No sé si estas palabras son políticamente correctas; sé que me inquietan. Cristo decía a los fariseos: «Ustedes dicen que no hay que matar; yo digo que el que llama imbécil a su hermano debe ser condenado por el Sanhedrin». Lo que significaba, a su juicio, que en la ofensa verbal hay una semilla de ataque mortal que se debe reconocer, y evitar. No es de mi competencia, por cierto, afirmar ni proponer a qué nivel debe procederse en estas materias; pero, como hablante del español y profesante de la libertad de expresión, debo decir que me sorprende el que se diga, desde un sitial internacional, que nuestra convivencia civil exige el aprendizaje de la insensibilidad para tragar ofensas y eximir a ofensores. El casamiento de la tolerancia y la insensibilidad, en nombre de la democracia y la libertad de expresión, me resulta sospechoso. Criar piel de elefante ante ofensas graves es abandonar el resguardo que debemos a la dignidad de nuestras personas, un resguardo a través del cual se juega nuestra identidad. Prudencia y sensibilidad son también materias pendientes para aquellos que se entregan impunemente a la tarea de humillar públicamente al prójimo. Cuando el insulto, el agravio y el desprecio circulan hoy masivamente, envenenan ese clima que, según Spinoza, es la razón de ser de un Estado cuya finalidad es no sólo establecer el orden, sino asegurar esa libertad que posibilita la amistad entre los hombres.

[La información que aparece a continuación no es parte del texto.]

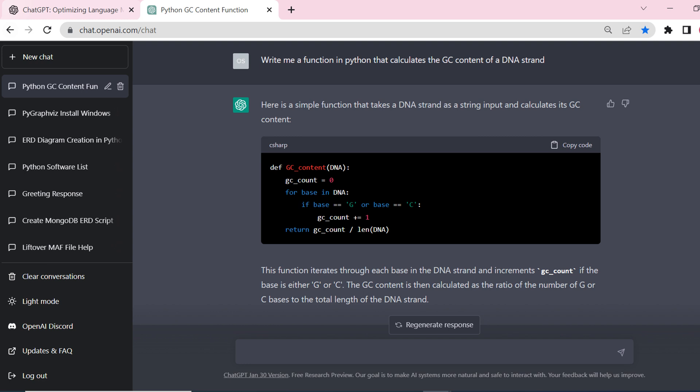In the user interface, it has syntax highlighting and you can copy an entire code block directly into your text editor using the copy code button at the top right. As well as helping me to code, ChatGPT has revolutionized my debugging process. Normally I would have to sift through Google and Stack Overflow pages looking for someone that has the same error, but now I can simply post my error into the ChatGPT search box and it will give me recommendations for solutions. It saves me tons of time.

La insólita discriminación que sufrimos hoy en los Estados Unidos los hispanohablantes, por el mero hecho de hablar en nuestra lengua nativa, es un buen ejemplo de ofensa que no debiéramos pasar por alto. No sólo la corrección política, sino el sentido común y la convicción de lo legítimo de nuestros derechos inalienables deben posibilitar socialmente el derecho a la ofensa y desalentar a quienes ultrajan gratuitamente, no sólo a sus adversarios, sino al lenguaje y a sí mismos, pervirtiendo con el insulto permanente la atmósfera verbal que habitamos. Si así fuere, estaríamos en el camino de la paz que todos anhelamos y en la que todos deseamos confluir.